From 1847 to 1848, Boije was a student of the Swedish composer Isidor Dannström. She made a successful tour as a concert singer in Turku, Helsinki, Reval and Saint Petersburg. In 1849, she made her debut in Stockholm in Sweden. She was active as an opera singer at the Royal Swedish Opera in Stockholm in 1850-1851. She was described as an excellent alto and was given particular praise as Nancy in Martha, in which she made such a success that she was made to act in it again and again. She herself chose to leave the stage and return her profession as a concert singer. She performed in Finland, Denmark and Norway.
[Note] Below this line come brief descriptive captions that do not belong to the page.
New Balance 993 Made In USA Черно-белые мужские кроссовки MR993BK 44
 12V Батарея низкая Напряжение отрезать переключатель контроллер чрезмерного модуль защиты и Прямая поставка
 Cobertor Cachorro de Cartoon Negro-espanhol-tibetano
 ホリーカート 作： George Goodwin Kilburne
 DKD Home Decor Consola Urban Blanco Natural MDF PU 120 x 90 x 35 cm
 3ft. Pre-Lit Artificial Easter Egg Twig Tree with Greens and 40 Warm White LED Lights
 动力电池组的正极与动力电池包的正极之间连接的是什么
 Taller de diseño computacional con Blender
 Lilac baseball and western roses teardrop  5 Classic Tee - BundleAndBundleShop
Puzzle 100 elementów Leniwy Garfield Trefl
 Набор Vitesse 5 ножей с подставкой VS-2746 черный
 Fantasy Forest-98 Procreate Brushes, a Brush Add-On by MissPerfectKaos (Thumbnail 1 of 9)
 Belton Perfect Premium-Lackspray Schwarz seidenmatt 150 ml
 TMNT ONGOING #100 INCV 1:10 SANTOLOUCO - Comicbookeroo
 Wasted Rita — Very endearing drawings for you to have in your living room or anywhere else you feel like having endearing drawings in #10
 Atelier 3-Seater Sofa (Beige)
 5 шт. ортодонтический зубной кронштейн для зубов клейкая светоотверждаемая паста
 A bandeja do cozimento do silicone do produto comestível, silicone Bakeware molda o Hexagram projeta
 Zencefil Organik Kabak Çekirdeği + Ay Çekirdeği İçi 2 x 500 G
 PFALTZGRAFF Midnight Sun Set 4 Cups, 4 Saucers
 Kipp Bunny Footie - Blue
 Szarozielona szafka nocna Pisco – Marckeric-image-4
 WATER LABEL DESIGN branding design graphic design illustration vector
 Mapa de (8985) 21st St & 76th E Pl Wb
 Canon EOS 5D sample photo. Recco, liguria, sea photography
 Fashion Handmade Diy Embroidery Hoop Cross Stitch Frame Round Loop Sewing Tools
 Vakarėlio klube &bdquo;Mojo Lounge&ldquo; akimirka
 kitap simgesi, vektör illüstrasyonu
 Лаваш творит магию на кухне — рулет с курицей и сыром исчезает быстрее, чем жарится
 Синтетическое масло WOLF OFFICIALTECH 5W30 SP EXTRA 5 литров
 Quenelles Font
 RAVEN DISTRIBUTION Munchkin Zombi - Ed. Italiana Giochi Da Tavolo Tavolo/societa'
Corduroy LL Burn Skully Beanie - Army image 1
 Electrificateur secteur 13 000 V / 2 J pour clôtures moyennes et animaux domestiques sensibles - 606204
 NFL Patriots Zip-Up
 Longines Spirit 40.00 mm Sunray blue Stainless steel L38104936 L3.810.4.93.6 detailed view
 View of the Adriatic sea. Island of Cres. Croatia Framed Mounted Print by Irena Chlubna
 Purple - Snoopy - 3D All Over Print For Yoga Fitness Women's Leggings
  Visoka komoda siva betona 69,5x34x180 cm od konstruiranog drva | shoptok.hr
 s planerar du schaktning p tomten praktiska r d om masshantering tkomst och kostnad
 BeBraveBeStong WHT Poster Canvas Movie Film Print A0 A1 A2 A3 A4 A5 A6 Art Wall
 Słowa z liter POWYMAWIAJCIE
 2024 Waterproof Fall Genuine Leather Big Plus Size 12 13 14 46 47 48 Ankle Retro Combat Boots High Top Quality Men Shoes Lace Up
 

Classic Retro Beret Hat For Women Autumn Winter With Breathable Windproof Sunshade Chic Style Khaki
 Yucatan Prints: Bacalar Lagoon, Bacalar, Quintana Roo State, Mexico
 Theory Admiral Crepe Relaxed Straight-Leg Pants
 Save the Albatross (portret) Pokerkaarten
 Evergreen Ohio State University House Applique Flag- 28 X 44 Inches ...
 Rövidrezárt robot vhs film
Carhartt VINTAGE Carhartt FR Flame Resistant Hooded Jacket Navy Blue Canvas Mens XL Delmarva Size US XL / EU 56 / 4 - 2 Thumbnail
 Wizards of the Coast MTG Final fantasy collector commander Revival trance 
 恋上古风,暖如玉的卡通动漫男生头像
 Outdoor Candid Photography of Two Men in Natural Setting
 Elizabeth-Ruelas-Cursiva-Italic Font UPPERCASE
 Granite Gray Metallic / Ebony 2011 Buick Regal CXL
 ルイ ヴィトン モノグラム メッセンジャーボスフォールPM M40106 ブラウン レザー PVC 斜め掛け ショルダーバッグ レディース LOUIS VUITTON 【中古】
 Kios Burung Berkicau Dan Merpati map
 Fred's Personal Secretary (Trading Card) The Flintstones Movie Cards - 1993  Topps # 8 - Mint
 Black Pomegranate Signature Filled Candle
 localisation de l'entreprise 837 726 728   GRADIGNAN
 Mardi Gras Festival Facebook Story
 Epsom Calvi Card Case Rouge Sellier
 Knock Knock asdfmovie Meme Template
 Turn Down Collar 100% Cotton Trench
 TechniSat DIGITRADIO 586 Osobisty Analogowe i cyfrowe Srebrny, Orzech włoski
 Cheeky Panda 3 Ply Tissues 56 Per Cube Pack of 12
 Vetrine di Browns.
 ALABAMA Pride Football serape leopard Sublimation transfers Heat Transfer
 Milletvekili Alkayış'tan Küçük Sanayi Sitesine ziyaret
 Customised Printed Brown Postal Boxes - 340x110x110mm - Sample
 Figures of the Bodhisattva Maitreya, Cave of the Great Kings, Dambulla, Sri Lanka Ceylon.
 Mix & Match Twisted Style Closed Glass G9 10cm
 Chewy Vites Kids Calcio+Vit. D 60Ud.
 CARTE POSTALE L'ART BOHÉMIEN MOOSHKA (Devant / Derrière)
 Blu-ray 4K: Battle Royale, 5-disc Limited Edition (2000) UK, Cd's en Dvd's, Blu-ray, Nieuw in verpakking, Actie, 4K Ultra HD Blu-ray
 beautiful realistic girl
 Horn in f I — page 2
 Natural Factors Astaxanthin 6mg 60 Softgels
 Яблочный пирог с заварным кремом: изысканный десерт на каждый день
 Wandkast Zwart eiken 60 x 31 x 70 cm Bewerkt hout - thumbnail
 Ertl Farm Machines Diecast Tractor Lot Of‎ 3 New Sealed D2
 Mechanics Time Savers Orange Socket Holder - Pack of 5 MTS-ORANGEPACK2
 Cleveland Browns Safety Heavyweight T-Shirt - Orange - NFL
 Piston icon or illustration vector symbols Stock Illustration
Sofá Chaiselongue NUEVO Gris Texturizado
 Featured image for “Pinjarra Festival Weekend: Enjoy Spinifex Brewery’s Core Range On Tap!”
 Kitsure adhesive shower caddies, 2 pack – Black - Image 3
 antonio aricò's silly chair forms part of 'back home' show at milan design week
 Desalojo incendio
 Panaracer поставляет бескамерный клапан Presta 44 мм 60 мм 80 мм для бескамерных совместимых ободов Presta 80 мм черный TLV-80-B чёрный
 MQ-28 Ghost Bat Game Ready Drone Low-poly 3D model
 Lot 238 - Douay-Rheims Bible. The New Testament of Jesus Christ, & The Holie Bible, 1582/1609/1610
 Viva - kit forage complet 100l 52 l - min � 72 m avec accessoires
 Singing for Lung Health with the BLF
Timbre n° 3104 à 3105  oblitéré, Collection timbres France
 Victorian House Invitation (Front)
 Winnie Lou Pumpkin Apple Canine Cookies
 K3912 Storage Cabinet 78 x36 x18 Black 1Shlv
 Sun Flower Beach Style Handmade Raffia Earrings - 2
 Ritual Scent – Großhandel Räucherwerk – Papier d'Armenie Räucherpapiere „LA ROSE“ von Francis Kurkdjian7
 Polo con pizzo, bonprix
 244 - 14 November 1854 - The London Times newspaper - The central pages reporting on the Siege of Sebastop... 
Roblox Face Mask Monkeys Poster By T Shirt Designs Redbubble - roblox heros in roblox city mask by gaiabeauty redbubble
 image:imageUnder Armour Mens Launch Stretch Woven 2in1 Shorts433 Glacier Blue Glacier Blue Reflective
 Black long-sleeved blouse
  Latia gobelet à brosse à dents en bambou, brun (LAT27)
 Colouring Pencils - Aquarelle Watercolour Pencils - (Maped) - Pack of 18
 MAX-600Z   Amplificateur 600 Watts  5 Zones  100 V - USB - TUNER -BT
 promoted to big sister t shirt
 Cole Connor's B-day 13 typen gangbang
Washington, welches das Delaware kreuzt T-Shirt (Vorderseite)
In 1853-54, she toured as a concert singer with her spouse and her sister in Great Britain and the United States. She made a success in London, where she performed with Louise Michaeli with her sister. In the United States, she performed in Washington and New York. After her performance in New York, however, she became ill, and they decided to discontinue the tour and return to Sweden. She died not long after their return.

She was also a composer.

Betty Boije was the first noblewoman to be professionally active as a stage performer in Finland and Sweden. The profession was not regarded to be suitable for a member of the aristocracy in this time period. Although Betty Boije's father was indeed a nobleman, he was not rich, and her sister also supported herself as an artist (in her case a pianist). Betty Boije's widower Isidor Dannström, in his late biography over her, claimed she had never acted on stage and merely performed as a concert singer.

==Personal life==
In 1853, Boije married Isidor Dannström.